Obama to revive Gitmo trials, codifies indefinite detention

Obama to revive Gitmo trials, codifies indefinite detention

Over two years after signing an executive order to close the prisone at Guantánamo Bay within a year and suspending military commissions, President Barack Obama yesterday lifted the administration’s freeze on new military trials and signed an executive order creating an indefinite detention regime for some of Guantánamo’s 172 remaining prisoners (WSJ, McClatchy, NYT, Reuters, ProPublica). Obama and aides reiterated that the President still planned to close Guantánamo, and that some detainees would face military trials and others civilian court, though the latter trials are unlikely in light of the congressional ban against detainee transfers to the United States (CNN).

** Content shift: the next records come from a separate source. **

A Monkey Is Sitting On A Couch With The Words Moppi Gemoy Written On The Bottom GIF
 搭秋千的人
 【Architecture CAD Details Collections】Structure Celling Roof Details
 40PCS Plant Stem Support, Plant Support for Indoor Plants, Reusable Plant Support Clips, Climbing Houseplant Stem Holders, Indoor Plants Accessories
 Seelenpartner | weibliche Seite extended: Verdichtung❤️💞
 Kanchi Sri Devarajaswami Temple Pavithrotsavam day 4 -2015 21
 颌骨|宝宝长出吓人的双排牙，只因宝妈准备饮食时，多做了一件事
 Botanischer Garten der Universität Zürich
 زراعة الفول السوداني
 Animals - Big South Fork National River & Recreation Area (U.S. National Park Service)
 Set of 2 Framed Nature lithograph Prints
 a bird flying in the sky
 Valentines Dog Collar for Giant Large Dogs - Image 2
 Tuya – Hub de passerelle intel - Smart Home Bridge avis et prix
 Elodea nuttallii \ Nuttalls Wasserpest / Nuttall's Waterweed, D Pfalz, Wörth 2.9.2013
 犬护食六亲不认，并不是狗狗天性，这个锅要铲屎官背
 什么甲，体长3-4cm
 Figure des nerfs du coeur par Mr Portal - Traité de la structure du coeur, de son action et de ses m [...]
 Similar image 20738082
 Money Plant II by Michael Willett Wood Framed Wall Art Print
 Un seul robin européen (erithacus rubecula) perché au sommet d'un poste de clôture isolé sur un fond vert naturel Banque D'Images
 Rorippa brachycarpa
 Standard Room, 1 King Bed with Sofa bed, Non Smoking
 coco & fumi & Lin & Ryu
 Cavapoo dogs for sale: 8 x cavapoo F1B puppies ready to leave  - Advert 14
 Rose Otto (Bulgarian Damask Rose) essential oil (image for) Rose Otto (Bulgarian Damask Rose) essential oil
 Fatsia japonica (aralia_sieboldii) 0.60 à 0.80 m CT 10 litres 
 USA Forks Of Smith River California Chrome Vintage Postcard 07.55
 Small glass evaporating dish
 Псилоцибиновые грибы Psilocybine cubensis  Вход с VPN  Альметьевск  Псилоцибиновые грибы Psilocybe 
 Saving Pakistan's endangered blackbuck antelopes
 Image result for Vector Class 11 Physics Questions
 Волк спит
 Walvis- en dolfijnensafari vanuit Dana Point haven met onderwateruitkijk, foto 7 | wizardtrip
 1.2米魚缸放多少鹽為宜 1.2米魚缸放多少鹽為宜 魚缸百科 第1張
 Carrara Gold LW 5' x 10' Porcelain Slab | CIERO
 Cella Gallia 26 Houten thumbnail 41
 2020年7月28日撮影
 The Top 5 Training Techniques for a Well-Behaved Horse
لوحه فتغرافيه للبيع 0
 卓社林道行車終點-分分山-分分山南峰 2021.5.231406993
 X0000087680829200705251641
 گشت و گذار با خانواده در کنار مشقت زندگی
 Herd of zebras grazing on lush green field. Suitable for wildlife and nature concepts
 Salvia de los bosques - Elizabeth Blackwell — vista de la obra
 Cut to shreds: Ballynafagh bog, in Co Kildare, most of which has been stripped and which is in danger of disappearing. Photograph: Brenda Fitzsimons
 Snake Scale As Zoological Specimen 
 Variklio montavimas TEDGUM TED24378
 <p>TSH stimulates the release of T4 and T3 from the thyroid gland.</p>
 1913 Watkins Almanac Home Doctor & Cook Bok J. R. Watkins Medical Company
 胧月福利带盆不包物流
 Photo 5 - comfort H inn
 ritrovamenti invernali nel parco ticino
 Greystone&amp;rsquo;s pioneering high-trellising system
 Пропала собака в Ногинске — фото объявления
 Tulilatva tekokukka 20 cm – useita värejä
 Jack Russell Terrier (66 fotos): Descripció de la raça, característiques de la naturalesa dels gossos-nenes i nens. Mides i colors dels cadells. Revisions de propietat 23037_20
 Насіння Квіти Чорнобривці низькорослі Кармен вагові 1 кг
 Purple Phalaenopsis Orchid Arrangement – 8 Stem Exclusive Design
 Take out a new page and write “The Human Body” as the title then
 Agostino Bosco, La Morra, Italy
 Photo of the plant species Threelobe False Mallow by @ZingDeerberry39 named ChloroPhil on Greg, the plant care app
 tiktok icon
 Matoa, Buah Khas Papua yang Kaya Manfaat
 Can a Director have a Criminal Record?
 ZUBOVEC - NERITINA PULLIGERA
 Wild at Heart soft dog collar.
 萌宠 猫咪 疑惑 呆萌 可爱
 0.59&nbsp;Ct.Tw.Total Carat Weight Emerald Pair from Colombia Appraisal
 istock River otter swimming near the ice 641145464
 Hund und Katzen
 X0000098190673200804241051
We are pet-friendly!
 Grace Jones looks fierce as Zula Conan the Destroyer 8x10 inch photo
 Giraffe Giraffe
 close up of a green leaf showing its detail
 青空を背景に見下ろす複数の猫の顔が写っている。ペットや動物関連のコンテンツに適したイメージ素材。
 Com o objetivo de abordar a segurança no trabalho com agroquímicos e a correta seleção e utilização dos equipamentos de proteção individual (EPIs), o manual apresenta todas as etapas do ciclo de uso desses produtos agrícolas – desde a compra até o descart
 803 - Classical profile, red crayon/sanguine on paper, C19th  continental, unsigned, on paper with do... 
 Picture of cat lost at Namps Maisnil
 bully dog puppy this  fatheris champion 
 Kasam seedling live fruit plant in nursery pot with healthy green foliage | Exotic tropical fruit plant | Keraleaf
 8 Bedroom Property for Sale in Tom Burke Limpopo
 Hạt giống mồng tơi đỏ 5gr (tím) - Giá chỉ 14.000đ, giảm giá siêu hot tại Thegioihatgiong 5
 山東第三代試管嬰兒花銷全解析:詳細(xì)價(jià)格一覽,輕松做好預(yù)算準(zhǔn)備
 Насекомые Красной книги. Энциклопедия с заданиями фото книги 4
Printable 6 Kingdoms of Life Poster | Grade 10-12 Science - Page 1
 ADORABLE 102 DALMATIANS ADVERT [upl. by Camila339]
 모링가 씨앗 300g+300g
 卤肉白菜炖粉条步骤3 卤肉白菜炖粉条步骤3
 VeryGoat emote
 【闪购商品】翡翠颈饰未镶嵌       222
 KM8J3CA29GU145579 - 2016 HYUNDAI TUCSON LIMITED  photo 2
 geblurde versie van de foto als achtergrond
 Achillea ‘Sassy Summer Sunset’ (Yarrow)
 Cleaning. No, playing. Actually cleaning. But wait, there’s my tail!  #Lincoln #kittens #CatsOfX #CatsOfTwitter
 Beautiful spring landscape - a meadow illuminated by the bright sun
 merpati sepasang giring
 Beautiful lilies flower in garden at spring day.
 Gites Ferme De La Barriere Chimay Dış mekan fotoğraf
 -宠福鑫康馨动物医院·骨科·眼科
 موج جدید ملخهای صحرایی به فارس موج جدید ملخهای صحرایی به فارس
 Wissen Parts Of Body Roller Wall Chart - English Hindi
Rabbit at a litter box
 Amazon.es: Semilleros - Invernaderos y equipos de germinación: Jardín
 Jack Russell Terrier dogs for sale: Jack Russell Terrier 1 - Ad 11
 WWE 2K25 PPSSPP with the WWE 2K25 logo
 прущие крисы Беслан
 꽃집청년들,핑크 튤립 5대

The first three new military trials to take place will be for alleged U.S.S. Cole bomb plotter and waterboarding victim Abd al-Rahim al-Nashiri, alleged Saudi terrorist plotter Ahmed al-Darbi, and an Afghan named Obaidullah accused of hiding mines in his house (Guardian). However, Obama and other administration officials were silent on possible trial venues for the 9/11 plotters, especially Khalid Sheikh Mohammed.

The indefinite detention order establishes a review process every three years for at least the 48 detainees deemed impossible to put on trial but impossible to release, but does not extend beyond those held at Guantánamo (Washington Post). While Obama described the process – which will give detainees the chance to periodically challenge their status – as a step forward, the move was criticized by both civil libertarians and Congressional Republicans, albeit for different reasons (NYT, Miami Herald).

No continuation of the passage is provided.